Infra, q. 134, a. 2, ad 2; In 2 Sent., d. 42, q. 2, a. 4; In 3 Sent., d. 9, q. 1, a. 1, sol.2; d. 33, q. 3, a. 3, sol. 4; In 4 Sent., d. 14, q. 1, a. 1, sol. 3, ad 2; d. 16, q. 4, a. 1, sol. 2, ad 2; De Malo, q. 8, a. 2, ad 3; In 4 Ethic., lect. 8

Pare che la magnanimità non sia una virtù speciale.

Infatti:

1. Una virtù speciale non compie gli atti di tutte le virtù.

Ora, il Filosofo [ Ethic. 4,3 ] afferma che è del magnanimo « essere grande in tutte le virtù ».

Quindi la magnanimità non è una virtù speciale.

2. A nessuna virtù specificamente distinta si attribuiscono atti di virtù diverse.

Invece al magnanimo vengono attribuiti atti di virtù diverse: infatti Aristotele [ ib. ] afferma che è proprio del magnanimo

« non respingere le critiche », che è un atto di prudenza,

« non commettere ingiustizie », che è un atto di giustizia,

« essere pronto a beneficare », che è un atto di carità,

« elargire con prontezza », che è un atto di liberalità,

essere « veritiero », che è un atto di veracità,

e « non essere facile al pianto », che è un atto di pazienza.

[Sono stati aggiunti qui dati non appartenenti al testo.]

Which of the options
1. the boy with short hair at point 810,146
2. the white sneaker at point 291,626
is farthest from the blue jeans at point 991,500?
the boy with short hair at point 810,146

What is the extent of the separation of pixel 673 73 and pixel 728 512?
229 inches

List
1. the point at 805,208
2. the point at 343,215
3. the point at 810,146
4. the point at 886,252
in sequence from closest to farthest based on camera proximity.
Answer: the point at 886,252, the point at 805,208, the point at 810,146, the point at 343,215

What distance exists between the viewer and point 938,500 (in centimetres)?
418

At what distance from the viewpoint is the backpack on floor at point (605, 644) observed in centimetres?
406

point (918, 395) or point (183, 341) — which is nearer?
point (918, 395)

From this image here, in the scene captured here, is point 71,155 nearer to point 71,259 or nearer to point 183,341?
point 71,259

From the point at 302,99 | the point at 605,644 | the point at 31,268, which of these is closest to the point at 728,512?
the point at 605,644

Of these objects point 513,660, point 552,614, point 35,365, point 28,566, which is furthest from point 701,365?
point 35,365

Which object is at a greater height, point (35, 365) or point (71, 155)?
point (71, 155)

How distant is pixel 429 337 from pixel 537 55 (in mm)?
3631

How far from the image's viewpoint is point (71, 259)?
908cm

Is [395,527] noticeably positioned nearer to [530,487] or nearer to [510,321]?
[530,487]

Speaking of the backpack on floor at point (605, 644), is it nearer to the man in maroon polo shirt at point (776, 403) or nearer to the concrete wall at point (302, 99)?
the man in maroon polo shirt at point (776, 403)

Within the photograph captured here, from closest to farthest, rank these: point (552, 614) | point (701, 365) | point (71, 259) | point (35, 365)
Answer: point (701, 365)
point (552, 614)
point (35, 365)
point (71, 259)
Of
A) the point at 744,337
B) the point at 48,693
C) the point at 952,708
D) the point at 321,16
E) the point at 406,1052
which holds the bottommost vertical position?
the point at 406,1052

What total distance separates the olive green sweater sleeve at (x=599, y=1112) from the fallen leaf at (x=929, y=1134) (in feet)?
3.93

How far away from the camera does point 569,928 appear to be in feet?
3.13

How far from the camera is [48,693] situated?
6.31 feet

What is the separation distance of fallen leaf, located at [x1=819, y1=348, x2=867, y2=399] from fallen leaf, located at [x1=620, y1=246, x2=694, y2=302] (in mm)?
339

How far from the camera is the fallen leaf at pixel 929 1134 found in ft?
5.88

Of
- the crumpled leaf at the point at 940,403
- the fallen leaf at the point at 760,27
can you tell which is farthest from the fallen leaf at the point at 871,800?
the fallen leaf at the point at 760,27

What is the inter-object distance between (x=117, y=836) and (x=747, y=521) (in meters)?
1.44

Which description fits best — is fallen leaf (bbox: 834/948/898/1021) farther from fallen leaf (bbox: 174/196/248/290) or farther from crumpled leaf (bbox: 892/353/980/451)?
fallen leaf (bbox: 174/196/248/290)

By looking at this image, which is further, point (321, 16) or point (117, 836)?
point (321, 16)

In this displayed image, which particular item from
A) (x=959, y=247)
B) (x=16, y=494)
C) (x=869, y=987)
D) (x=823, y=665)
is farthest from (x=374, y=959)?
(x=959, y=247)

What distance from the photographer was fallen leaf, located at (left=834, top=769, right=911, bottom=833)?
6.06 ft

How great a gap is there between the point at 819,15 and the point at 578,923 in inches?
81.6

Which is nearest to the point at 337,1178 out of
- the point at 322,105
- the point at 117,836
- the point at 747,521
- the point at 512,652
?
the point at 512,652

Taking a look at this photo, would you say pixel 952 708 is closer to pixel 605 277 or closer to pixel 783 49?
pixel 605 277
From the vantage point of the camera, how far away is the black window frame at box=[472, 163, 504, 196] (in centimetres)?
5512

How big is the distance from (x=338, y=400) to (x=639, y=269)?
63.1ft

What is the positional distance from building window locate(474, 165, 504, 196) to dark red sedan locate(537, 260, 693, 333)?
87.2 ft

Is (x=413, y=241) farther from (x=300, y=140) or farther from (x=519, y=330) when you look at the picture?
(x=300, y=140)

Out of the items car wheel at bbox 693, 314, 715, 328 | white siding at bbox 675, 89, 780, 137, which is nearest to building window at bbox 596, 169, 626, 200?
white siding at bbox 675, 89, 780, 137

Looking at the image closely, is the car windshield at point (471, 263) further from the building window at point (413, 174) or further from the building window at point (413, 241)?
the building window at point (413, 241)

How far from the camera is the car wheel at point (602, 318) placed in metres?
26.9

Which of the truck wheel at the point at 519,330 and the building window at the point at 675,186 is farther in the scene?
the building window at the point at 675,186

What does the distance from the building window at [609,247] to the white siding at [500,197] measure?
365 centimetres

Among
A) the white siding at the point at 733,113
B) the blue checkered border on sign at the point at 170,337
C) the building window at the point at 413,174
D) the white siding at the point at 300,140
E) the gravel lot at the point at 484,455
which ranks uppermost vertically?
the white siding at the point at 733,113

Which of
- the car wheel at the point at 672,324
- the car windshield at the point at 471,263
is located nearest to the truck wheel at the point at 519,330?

Quindi la magnanimità non è una virtù speciale.

3. Ogni virtù è un particolare ornamento spirituale dell'animo, come dice Isaia [ Is 61,10 ]: « Mi ha rivestito delle vesti di salvezza »; e continua: «c ome una sposa che si adorna di gioielli ».

Ora la magnanimità, secondo Aristotele [ l. cit. ], è « l'ornamento di tutte le virtù ».

Quindi la magnanimità è una virtù generale.

In contrario:

Il Filosofo [ Ethic. 2,7 ] la distingue da tutte le altre virtù.

Dimostrazione:

Come sopra [ a. 2 ] si è visto, è proprio di una virtù speciale rispettare la misura della ragione in una determinata materia.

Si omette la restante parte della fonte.